There are variety of preprocessing tasks one should consider before using numeric data in analysis and predictive models.
Numeric variables are not always directly comparable as variables are often measured on different scales and cover different ranges. Furthermore, large differences between values, one variable has values in the range 1-100 while other variable ranges from 1 to 100000, can affect certain modeling techniques (e.g., where the values of the two variables need to be combined in some way).
Some of the issues mentioned above can be alleviated by centering and scaling the data. A common way to center data is to subtract the mean value from each data point, which centers the data around zero (and sets the new mean to zero).
In [23]:
# This line lets me show plots
%matplotlib inline
#import useful modules
import numpy as np
import pandas as pd
from ggplot import mtcars
Let's center the mtcars dataset in the ggplot library.
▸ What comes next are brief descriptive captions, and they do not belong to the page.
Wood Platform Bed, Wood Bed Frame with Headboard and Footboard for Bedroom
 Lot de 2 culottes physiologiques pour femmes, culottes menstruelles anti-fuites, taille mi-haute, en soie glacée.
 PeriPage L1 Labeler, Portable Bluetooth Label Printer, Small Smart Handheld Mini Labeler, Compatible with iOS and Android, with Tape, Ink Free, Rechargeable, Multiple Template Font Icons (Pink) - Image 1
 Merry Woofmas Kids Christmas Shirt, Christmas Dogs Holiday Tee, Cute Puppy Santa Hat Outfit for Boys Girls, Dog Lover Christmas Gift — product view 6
First, let's calculate the means for the data in each column:
In [27]:
print (mtcars.head() )
colmeans = mtcars.sum()/mtcars.shape[0] # Get column means
colmeans
Out[27]:
Now, subtract the column means from each row, element-wise, to zero center the data:
In [28]:
centered_mtcars = mtcars - colmeans
print(centered_mtcars.describe())
Notice that in zero-centered data, negative values represent original values that were below average and positive numbers represent values that were above average.
To put all values on a common scale, we can divide all values in a column by that column's standard deviation.
In [29]:
# Get column standard deviations
column_deviations = centered_mtcars.std(axis=0)
centered_and_scaled_mtcars = centered_mtcars/column_deviations
print(centered_and_scaled_mtcars.describe())
All columns/variables/features now have a standard deviation of 1, and roughly the same mean, 0. This can also be achieved using the scale() function in the module scikit-learn. scale() returns an ndarray which can be convert into a DataFrame, if needed.
In [31]:
from sklearn import preprocessing
scaled_data = preprocessing.scale(mtcars)
#reconstruct a DataFrame from the scaled data
scaled_mtcars = pd.DataFrame(scaled_data,
index=mtcars.index,
columns=mtcars.columns)
print(scaled_mtcars.describe() )
Note that the values are not exactly the same as those calculated "manually", likely due to scikit-learn's implementation of centering and scaling.
The distribution of the data can have a significant impact on analysis and modeling, as many techniques assume, or require that the data follows a particular distribution, e.g., Gaussian. Some data sets exhibit significant asymmetry (skewness). To illustrate, let's generate a few distributions. Let us look at a few examples.
In [33]:
normally_distributed = np.random.normal(size=10000) # Generate normal data*
normally_distributed = pd.DataFrame(normally_distributed) # Convert to DF
normally_distributed.hist(figsize=(8,8), # Plot histogram
bins=30)
skewed = np.random.exponential(scale=2, # Generate skewed data
size= 10000)
skewed = pd.DataFrame(skewed) # Convert to DF
skewed.hist(figsize=(8,8), # Plot histogram
bins=50)
Out[33]:
Data with a long right tail is called positively skewed or right skewed. In a skewed dataset, the extreme values in the long tail can have a very large influence on some of the test and models performed or build for the data.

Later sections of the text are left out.